Lighting Kit Option 1

Nikon SB80-DX flash units (or any other flash) + Pocket Wizard Transceivers Plus II or Plus III or Plus X.

Nikon flash units can be any other flash units of the similar price/size/make. The reason why I picked SB80-DX is that these are packed with everything you might need, but for a very affordable price and reasonable size when paired with a trigger. These can be used as optical slaves too.

You will need 1 trigger on your camera and a second one connected to your flash unit for off camera setup. Add an extra trigger for every flash unit you bring in.

This setup will give you a traditional setup where you set flash units to 1/4 power and shutter to 1/250th sec and then you play with the rest of the settings (aperture/ISO) to make it work. You'll be using flash duration to freeze your subject. Depending on how bright it is during the day - it might work or not in those conditions. But indoors and in shade areas - this will work 100%.

You do need AA batteries for both flash units and triggers.

Lighting Kit Option 2

Pocket Wizard Flex TT5 universal triggers (or Mini TT1) + any flash units.

Flex TT5 triggers add Hyper Sync (High Speed Sync) on top of normal triggering/receiving functions to your setup. By using Pocket Wizard's own software you can better sync your flash units with these triggers. And then you can go above 1/250th sec all the way to 1/2000th sec depending on the particular flash unit. All flash units have different flash durations when in full power mode so can be a bit tricky. Pocket Wizard have a dedicated Wiki page for all the FAQ.

You will need 1 trigger on your camera and a second one connected to your flash unit for off camera setup. Add an extra trigger for every flash unit you bring in. For optimal HSS work use only TT5's or MiniTT1's. When triggering in normal mode you can mix up TT5's with Plus II, Plus III & Plus X.

You do need AA batteries for both flash units and triggers.

Lighting Kit Option 3

Godox Witstro AD360 or AD360II.

These flash units are larger in size compared to regular speedlights but they come with battery packs, more power and HSS option built in. Price wise these might seem like a bit more expensive, but they offer the best value for your money at the moment.

All you need is to use their own trigger on camera and tiny receivers on the flash units. These are cheap, way cheaper than Pocket Wizard products. 

If there is no need to overpower the sun or you want to save power which you have plenty thanks to battery packs you can always shoot in traditional mode at 1/250th sec with these.
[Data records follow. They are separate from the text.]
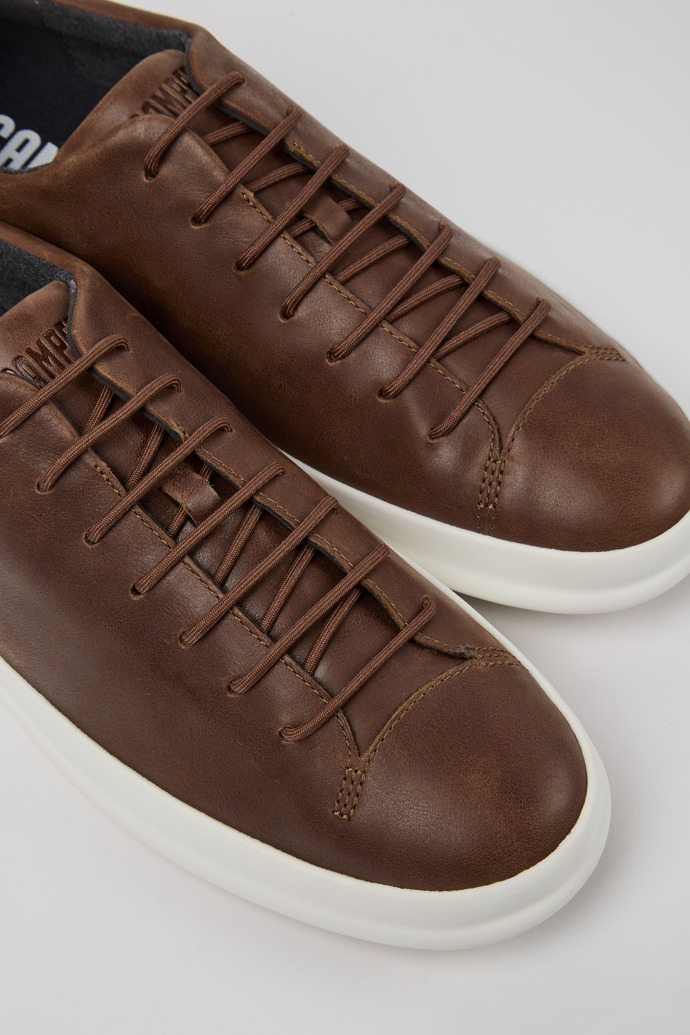 Camper Chasis Sport - Zapato de piel marrón para hombre.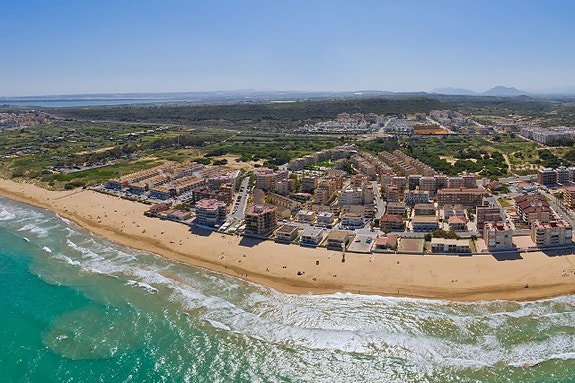 En megler med gode referanser -  SPANIA1.no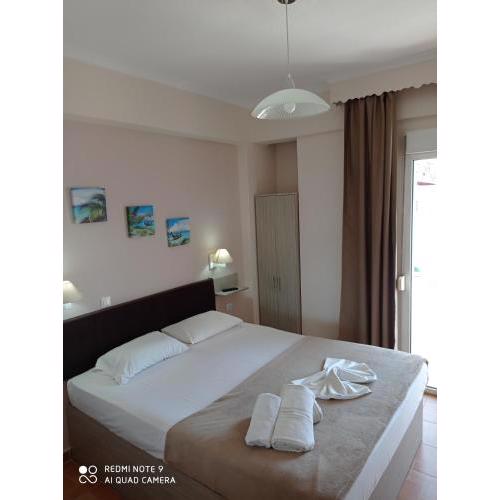 Teo Rooms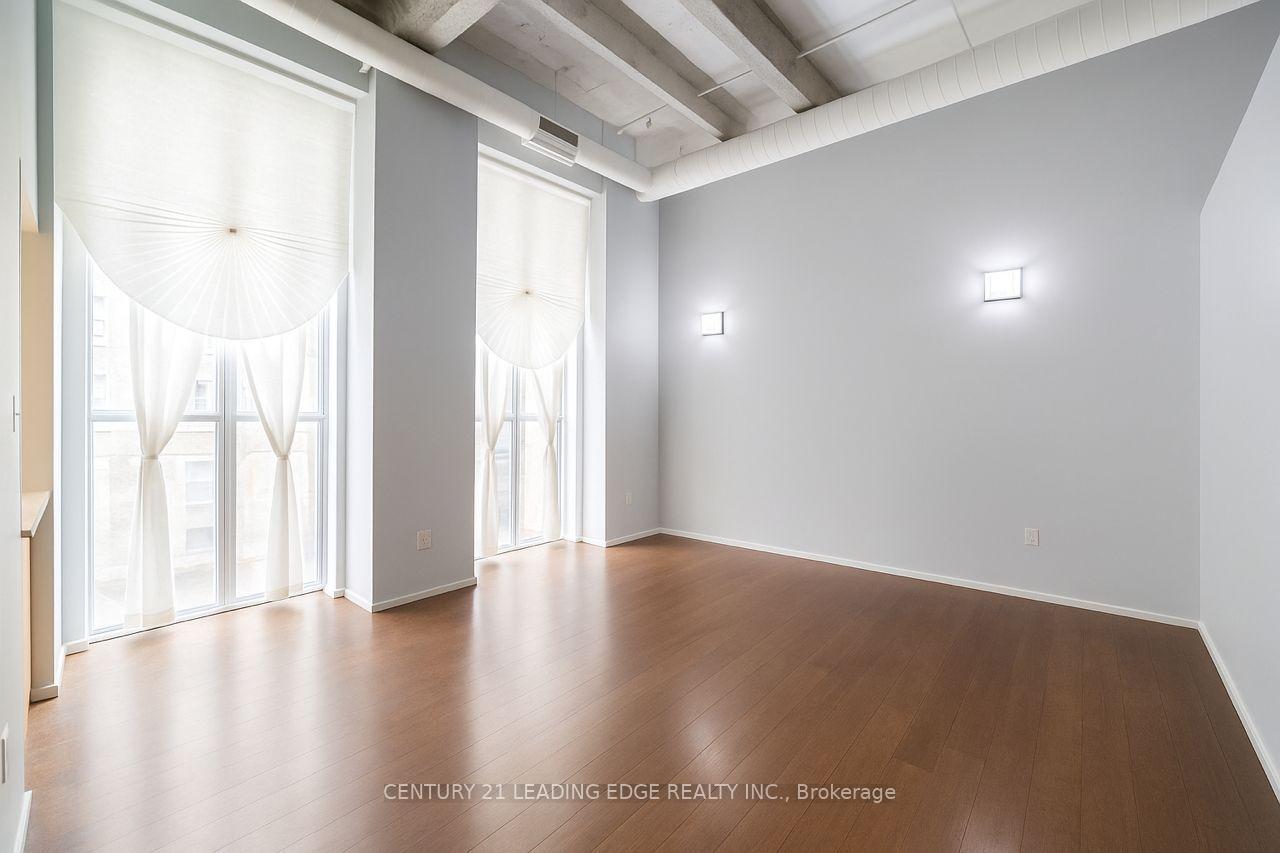 1 Bedroom Condo at 11 Rebecca, Hamilton For sale
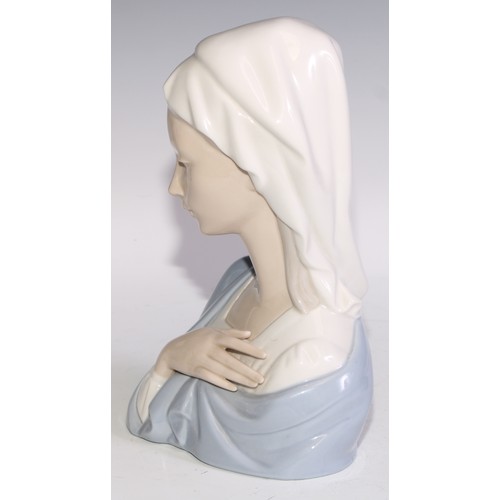 380A - A Lladro bust, of maiden, 22cm high, printed markl  other figures (4)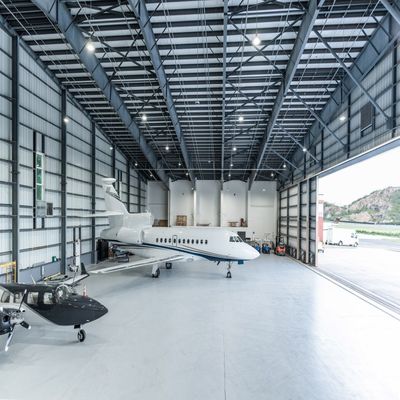 Önceden tasarlanmış Metal Uçak Hangarı, dalgalanmış çelik plaka çatısı ve rüzgar yükü direnci 100km/h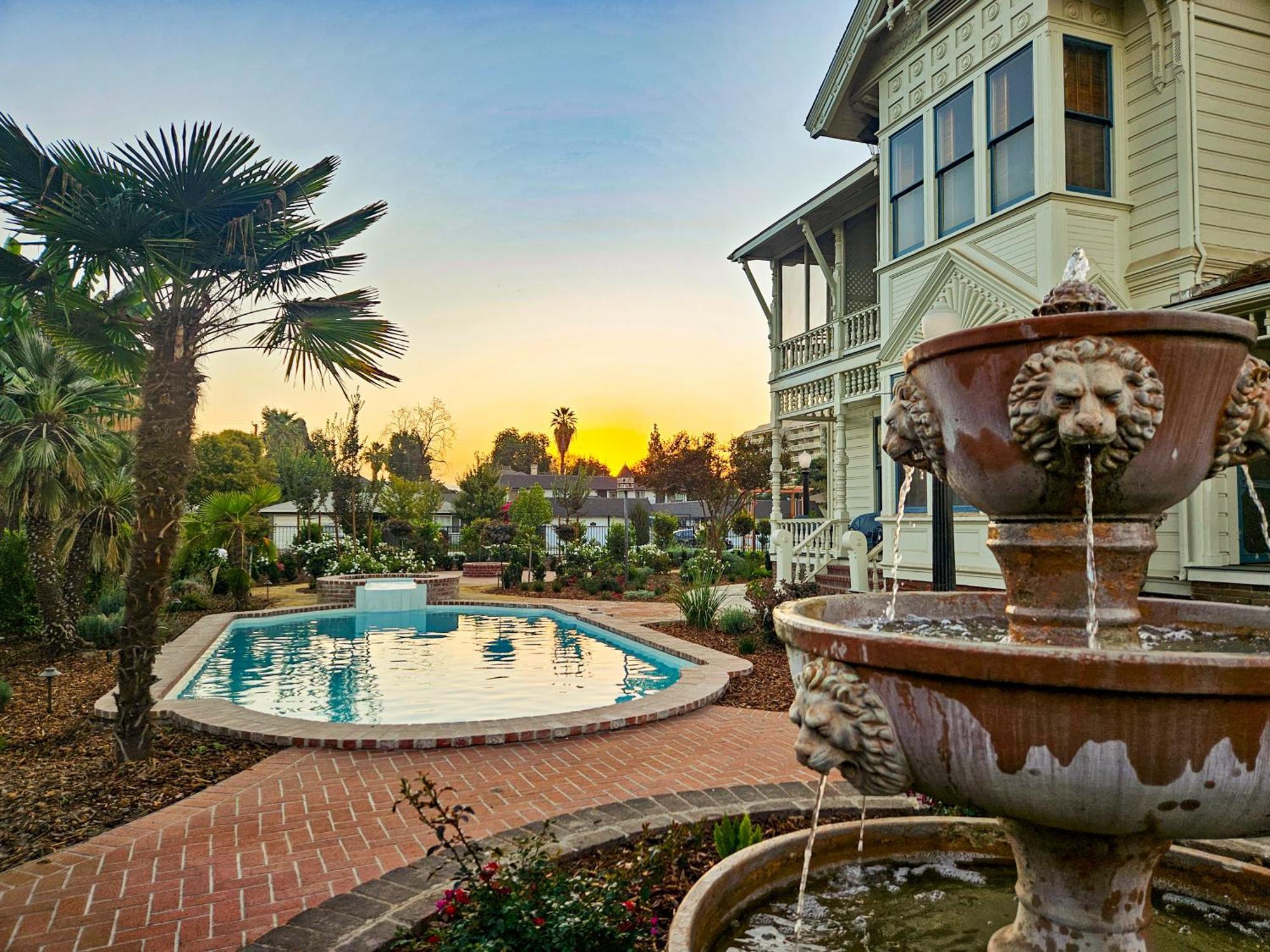 The Jd Hyde Historic Inn Visalia Exterior photo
If the need arises to go over that shutter speed - you just set the units to the full power (which you can control with a separate remote controller) and shoot in High Speed Sync mode.

Everything about these flash units is affordable, so seems to be the best solution if you have space in your bag for these.

Lighting Kit Option 4

Elinchrom ELB 400Profoto B1 and similar solutions.

These are portable battery powered flash solutions from established studio light manufacturers. The quality of produced light is the main focus for them. So while being way more powerful than small portable flash units, with HSS support and plenty light modifiers available for them - these are very expensive, quite bulky and most likely will require an assistant to help you with protecting them from being hit by a board.

They come with their own radio triggers, battery packs and can be operated as normal flash units or in HSS mode.

Everything about these is expensive - replacement parts, batteries, bags, cables, etc.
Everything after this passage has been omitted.